Collected material -
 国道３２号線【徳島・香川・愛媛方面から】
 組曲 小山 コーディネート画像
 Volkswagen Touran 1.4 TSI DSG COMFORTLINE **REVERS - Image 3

Activity - The whole listing above, line by line, is to be retyped exactly.

Response box -
 国道３２号線【徳島・香川・愛媛方面から】
 組曲 小山 コーディネート画像
 Volkswagen Touran 1.4 TSI DSG COMFORTLINE **REVERS - Image 3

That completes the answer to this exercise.